Originally Posted by river runner

I think we've established that Swede form is still more efficient in shallow water (I guess we did.) What about the other two? As the water gets shallower, does a punt shaped bow ever become more efficient than pointed, at canoe speeds? Assuming you don't drag bottom with either one, does a flat bottom ever become more efficient than round, at canoe speeds?

No, you should have not drawn that conclusion. A "swede" form (or more correctly aft LCB form, ...I mean who wants a boat shaped like a turnip anyway) is not more efficient in shallow water than a fish form (that is forward LCB form). It is better to say that a LCB aft form is more efficient for the identical displacement, wetted area, and LWL than a LCB forward shape for Froude numbers above the skin friction vs pressure drag transition point. This is a very explicit limiting statement and is based soley upon the entry of a LCB aft form having to be geometrically finer than a LCB forward form which reduces pressure drag and does not consider directional stability.
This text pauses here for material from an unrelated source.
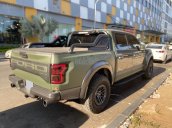 Chính chủ bán Ford F150 Raptor 3.5 V6 Ecoboost sản xuất và đăng ký năm 2019 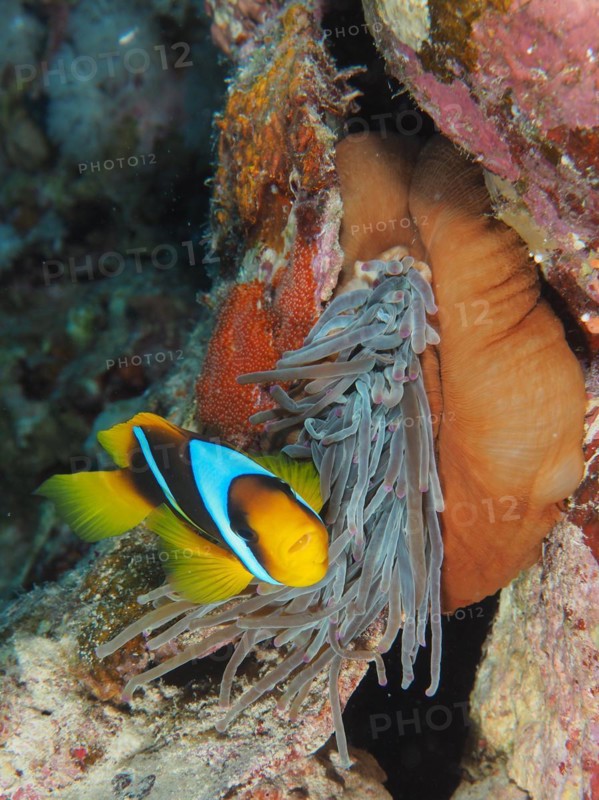 A red sea clownfish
Once you leave the limits of identical displacement, wetted area, LWL, and fixed directional stability all bets are off and there is no "best" shape in an equally weighted trade-off space.

As far as shallow water goes, it is not so much the bottom shape as it is prismatic coefficient, waterplane area, and the blockage factor. A wider, shallower, flat bottom or a narrow deep-V can have less drag depending on the viability of the necessary draft to volume to stability (assuming fixed length) trade-off. As I have said many times before, there is never a "best" hull form, only ones that better meet the mutualy exclusive requirements of the design.